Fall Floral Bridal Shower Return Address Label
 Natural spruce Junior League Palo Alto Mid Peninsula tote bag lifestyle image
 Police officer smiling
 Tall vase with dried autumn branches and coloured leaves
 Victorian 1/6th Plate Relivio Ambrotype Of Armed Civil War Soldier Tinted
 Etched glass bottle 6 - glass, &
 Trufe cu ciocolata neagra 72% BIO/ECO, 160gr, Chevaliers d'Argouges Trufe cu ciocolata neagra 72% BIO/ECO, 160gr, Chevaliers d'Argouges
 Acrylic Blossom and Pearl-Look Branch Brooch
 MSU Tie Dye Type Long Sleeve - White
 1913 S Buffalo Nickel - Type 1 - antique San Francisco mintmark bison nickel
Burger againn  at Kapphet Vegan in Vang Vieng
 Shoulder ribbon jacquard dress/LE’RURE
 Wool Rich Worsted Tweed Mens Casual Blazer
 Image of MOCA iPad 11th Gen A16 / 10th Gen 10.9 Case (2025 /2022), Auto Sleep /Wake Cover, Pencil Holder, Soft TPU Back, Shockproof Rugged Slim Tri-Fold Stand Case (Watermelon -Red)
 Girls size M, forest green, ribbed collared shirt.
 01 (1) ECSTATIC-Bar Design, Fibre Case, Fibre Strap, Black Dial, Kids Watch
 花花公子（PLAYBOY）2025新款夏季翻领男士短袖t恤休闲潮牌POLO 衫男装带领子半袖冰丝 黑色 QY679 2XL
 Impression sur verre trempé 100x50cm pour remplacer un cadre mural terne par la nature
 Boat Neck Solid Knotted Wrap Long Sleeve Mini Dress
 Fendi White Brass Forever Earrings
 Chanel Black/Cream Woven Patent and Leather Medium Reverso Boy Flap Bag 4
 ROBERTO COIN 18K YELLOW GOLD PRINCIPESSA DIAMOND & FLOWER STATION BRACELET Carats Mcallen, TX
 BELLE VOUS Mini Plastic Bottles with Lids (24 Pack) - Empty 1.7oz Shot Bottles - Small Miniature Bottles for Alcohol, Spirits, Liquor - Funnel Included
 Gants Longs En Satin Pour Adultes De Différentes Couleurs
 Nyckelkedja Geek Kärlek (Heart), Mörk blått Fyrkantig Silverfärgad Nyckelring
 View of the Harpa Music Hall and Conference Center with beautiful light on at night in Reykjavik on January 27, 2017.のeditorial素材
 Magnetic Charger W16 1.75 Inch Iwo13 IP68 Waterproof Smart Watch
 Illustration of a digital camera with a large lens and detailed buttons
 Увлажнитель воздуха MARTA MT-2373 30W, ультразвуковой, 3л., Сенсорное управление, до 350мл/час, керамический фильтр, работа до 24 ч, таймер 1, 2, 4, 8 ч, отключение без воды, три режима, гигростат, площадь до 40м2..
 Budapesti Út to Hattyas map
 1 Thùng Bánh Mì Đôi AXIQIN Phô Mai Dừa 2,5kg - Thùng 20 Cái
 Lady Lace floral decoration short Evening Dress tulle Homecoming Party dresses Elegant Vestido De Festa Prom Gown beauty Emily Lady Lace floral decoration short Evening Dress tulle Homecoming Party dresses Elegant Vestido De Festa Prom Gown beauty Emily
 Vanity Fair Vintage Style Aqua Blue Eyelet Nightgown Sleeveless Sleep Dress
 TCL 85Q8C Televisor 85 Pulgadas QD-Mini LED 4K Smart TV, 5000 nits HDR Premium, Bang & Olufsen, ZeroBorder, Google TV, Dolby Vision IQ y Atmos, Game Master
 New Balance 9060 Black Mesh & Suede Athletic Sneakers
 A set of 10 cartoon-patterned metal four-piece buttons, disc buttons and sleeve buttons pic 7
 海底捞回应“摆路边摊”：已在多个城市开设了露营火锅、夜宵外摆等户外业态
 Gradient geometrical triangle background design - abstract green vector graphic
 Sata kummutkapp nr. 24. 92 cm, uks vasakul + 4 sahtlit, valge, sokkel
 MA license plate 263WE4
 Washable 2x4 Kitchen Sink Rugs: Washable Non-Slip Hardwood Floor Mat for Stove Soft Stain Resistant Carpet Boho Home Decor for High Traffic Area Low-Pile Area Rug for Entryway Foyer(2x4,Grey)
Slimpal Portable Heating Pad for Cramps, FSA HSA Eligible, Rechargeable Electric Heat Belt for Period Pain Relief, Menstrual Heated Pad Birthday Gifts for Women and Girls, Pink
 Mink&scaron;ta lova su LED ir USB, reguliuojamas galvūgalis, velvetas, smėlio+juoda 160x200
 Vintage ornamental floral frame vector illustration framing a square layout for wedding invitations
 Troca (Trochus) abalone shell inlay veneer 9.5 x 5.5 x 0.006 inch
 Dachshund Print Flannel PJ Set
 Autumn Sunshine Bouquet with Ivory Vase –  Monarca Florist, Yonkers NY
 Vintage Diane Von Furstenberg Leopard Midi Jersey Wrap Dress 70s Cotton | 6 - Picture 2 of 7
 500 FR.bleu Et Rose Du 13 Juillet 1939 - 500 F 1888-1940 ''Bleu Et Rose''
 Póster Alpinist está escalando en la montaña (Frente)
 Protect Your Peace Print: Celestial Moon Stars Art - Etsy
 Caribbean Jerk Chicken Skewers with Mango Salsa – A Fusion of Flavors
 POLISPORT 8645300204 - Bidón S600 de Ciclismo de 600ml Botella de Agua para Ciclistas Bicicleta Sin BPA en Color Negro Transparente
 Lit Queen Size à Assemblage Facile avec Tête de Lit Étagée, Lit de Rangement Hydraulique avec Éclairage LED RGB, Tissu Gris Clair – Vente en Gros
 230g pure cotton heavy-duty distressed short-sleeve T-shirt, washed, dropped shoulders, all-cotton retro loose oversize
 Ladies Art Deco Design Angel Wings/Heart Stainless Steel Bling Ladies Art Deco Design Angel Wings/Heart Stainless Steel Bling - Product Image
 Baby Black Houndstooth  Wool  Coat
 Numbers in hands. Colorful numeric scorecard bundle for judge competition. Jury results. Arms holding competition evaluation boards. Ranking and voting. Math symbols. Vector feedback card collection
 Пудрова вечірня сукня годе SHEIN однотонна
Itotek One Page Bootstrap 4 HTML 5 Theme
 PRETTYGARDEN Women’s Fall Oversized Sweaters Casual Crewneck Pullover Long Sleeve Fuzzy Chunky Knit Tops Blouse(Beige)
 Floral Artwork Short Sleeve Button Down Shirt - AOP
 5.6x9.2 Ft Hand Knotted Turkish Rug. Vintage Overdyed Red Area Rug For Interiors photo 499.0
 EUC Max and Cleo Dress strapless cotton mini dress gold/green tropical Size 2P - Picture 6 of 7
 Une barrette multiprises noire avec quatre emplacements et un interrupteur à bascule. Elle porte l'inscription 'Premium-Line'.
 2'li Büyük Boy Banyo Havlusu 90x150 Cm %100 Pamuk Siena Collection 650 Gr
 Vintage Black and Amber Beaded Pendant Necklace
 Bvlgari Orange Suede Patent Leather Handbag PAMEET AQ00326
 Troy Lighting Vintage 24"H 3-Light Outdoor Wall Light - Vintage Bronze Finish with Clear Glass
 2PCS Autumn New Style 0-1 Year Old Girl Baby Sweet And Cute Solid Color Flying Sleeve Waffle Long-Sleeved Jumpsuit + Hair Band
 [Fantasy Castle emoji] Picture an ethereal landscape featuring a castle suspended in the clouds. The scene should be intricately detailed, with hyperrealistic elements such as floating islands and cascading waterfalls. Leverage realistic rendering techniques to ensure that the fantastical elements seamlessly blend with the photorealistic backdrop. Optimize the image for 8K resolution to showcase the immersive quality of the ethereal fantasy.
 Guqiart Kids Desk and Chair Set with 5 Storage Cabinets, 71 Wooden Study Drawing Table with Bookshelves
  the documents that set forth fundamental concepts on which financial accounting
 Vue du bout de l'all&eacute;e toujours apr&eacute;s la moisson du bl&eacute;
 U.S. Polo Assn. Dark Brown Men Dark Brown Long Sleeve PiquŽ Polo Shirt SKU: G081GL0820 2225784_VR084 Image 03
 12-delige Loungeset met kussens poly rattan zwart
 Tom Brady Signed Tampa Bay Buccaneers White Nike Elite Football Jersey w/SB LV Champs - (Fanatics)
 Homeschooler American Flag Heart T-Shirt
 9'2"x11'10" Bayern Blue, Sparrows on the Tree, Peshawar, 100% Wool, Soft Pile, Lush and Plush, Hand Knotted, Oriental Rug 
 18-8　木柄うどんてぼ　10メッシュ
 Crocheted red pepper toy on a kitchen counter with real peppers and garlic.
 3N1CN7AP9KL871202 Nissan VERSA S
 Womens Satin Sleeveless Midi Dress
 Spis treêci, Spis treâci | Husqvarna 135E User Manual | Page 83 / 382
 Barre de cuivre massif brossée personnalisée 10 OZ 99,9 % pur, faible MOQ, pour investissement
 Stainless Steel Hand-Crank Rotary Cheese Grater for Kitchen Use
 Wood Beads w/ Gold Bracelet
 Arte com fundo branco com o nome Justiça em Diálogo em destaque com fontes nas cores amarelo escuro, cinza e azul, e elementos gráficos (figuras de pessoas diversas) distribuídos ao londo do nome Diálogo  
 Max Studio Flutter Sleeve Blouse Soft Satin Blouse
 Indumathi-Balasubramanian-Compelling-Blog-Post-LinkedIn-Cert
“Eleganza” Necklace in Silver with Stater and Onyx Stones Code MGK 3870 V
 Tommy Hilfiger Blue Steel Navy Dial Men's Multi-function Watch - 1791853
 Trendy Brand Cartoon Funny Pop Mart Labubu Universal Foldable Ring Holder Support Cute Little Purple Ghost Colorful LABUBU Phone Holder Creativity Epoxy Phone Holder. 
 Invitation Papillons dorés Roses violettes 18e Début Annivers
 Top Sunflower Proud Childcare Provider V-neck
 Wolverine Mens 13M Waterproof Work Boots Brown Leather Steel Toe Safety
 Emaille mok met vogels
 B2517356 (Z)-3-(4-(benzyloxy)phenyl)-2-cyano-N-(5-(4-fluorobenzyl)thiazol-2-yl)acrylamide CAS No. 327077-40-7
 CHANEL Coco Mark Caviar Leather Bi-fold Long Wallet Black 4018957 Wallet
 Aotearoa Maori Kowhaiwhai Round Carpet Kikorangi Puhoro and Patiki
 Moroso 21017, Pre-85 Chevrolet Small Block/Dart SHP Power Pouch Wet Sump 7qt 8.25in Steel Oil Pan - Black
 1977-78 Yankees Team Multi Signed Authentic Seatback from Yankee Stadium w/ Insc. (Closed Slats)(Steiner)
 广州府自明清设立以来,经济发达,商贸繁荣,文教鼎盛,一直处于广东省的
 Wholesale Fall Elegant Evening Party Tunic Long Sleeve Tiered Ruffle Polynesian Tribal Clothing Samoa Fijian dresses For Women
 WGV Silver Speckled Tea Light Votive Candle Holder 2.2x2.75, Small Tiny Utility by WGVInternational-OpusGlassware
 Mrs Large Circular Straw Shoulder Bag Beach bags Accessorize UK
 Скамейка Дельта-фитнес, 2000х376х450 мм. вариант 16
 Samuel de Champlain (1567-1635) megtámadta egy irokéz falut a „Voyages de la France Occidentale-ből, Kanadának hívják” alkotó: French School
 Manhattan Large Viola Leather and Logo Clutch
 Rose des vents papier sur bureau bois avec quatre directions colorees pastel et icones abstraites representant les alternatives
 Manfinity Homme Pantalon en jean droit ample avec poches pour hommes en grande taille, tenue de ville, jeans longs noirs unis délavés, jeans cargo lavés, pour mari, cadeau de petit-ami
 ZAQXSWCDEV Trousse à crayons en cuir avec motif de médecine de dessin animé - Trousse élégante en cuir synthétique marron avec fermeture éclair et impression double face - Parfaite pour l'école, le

**TASK ITEM:**
Where the listing above reaches the line that contains "5.6x9.2 Ft Hand", start retyping, and finish with the line that contains "Wood Beads w/ Gold Bracelet"; reproduce those lines exactly and no others.

**EXERCISE ANSWER:**
 5.6x9.2 Ft Hand Knotted Turkish Rug. Vintage Overdyed Red Area Rug For Interiors photo 499.0
 EUC Max and Cleo Dress strapless cotton mini dress gold/green tropical Size 2P - Picture 6 of 7
 Une barrette multiprises noire avec quatre emplacements et un interrupteur à bascule. Elle porte l'inscription 'Premium-Line'.
 2'li Büyük Boy Banyo Havlusu 90x150 Cm %100 Pamuk Siena Collection 650 Gr
 Vintage Black and Amber Beaded Pendant Necklace
 Bvlgari Orange Suede Patent Leather Handbag PAMEET AQ00326
 Troy Lighting Vintage 24"H 3-Light Outdoor Wall Light - Vintage Bronze Finish with Clear Glass
 2PCS Autumn New Style 0-1 Year Old Girl Baby Sweet And Cute Solid Color Flying Sleeve Waffle Long-Sleeved Jumpsuit + Hair Band
 [Fantasy Castle emoji] Picture an ethereal landscape featuring a castle suspended in the clouds. The scene should be intricately detailed, with hyperrealistic elements such as floating islands and cascading waterfalls. Leverage realistic rendering techniques to ensure that the fantastical elements seamlessly blend with the photorealistic backdrop. Optimize the image for 8K resolution to showcase the immersive quality of the ethereal fantasy.
 Guqiart Kids Desk and Chair Set with 5 Storage Cabinets, 71 Wooden Study Drawing Table with Bookshelves
  the documents that set forth fundamental concepts on which financial accounting
 Vue du bout de l'all&eacute;e toujours apr&eacute;s la moisson du bl&eacute;
 U.S. Polo Assn. Dark Brown Men Dark Brown Long Sleeve PiquŽ Polo Shirt SKU: G081GL0820 2225784_VR084 Image 03
 12-delige Loungeset met kussens poly rattan zwart
 Tom Brady Signed Tampa Bay Buccaneers White Nike Elite Football Jersey w/SB LV Champs - (Fanatics)
 Homeschooler American Flag Heart T-Shirt
 9'2"x11'10" Bayern Blue, Sparrows on the Tree, Peshawar, 100% Wool, Soft Pile, Lush and Plush, Hand Knotted, Oriental Rug 
 18-8　木柄うどんてぼ　10メッシュ
 Crocheted red pepper toy on a kitchen counter with real peppers and garlic.
 3N1CN7AP9KL871202 Nissan VERSA S
 Womens Satin Sleeveless Midi Dress
 Spis treêci, Spis treâci | Husqvarna 135E User Manual | Page 83 / 382
 Barre de cuivre massif brossée personnalisée 10 OZ 99,9 % pur, faible MOQ, pour investissement
 Stainless Steel Hand-Crank Rotary Cheese Grater for Kitchen Use
 Wood Beads w/ Gold Bracelet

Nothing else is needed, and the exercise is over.